Breyer's New Judicial Review
Our normal rule . . . is that the "unconstitutionality of a part of an Act does not necessarily defeat or affect the validity of its remaining provisions. Unless it is evident that the legislature would not have enacted those provisions which are within its power, independently of that which is not, the invalid part may be dropped if what is left is fully operative as a law." (citation ommitted).The Court's power of judicial review, therefore, is limited to severing statutes or portions of statutes that are in violation of the constitution, or in the case where it is evident that Congress would not have enacted the statute, throwing the whole thing out. Breyer seems to come up with a system where he can have his cake and eat it too.

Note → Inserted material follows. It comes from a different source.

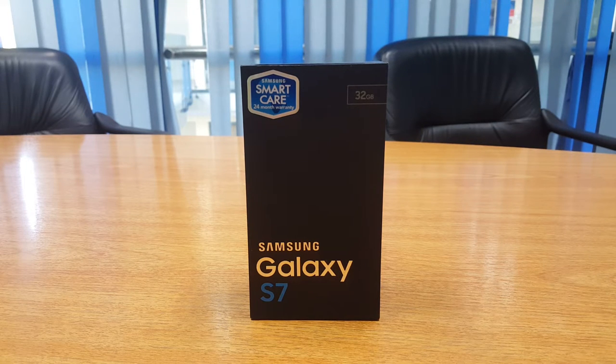Hello viewers and thanks for joining me in the unboxing of the brand new Galaxy S7. There are two variations of the model: the Galaxy S7 with a flat screen, and the Galaxy S7 Edge with a very attractive and innovative dual-edged curved screen.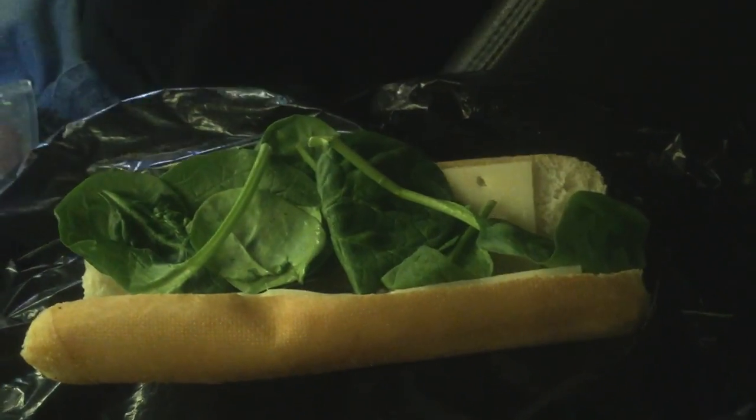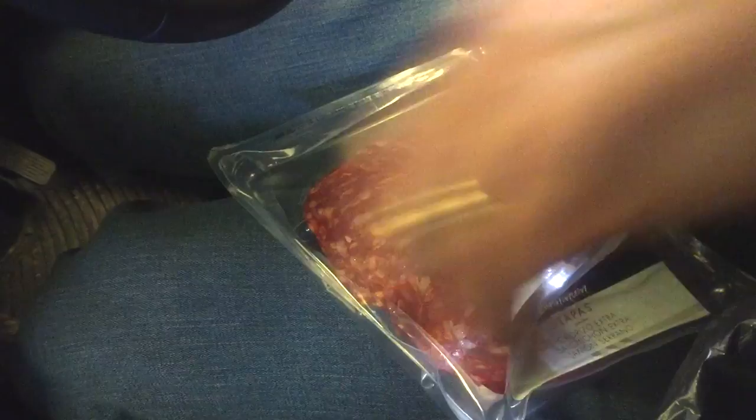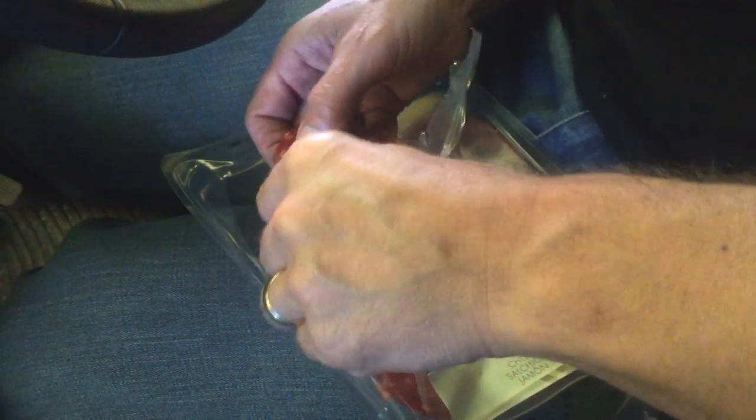Then, while that's resting, take a sharp knife to the meat board. Select the appropriate amount of chorizo and lay them in.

Since this isn't a finding of facial invalidity (I don't think), Breyer is basically arguing that in light of the first majority opinion's decision to sever applications of the statute that violate the Sixth Amendment, the Court is going to rewrite the statute to square with Congress' original goal with respect to the guidelines. I haven't yet had time to go through Breyer's support for his handiwork (guess what . . . I wrote this word before reading Scalia's dissent where he refers to the Breyer opinion by the same word) where he cites 3 cases I haven't heard of and a law review article, but I have a hard time understanding where in Article III or in any statutory grant the court has the power to "fix" statutes in this way if they, after being partially severed, do not completely square with Congress' original intent regarding the statute. Such a grant would, it seems, not even be a constitutional delegation as it would go far beyond a line item veto.
Instead, what Breyer seems to be proposing is that Congress and the President get to enact and sign a PURPOSE into law, which the court, either through enforcing the provisions as the statute as stated or by changing them to accomplish the purpose, will make sure to uphold. Since the "uniformity" purpose of the Guidelines cited so often by Breyer is probably impossible under the constitutional part of the Sentencing Guidelines, Breyer thinks it is okay to rewrite the statute in order to salvage the purpose.
Thus, (Breyer thinks) although the part of the Judiciary Act of 1789 that impermissibly expanded the original jurisdiction of the Constitution to include writs of mandamus was severed off the statute, since Congress meant for Marbury to be able to sue Madison in the Supreme Court, Marshall could have just read the Judiciary Act to, instead of allowing original jurisdiction in the Supreme Court, somehow allow waiver of lower court adjudication to open up a fast track to the Supreme Court. Sounds ridiculous to me . . . pragmatism at a whole new level.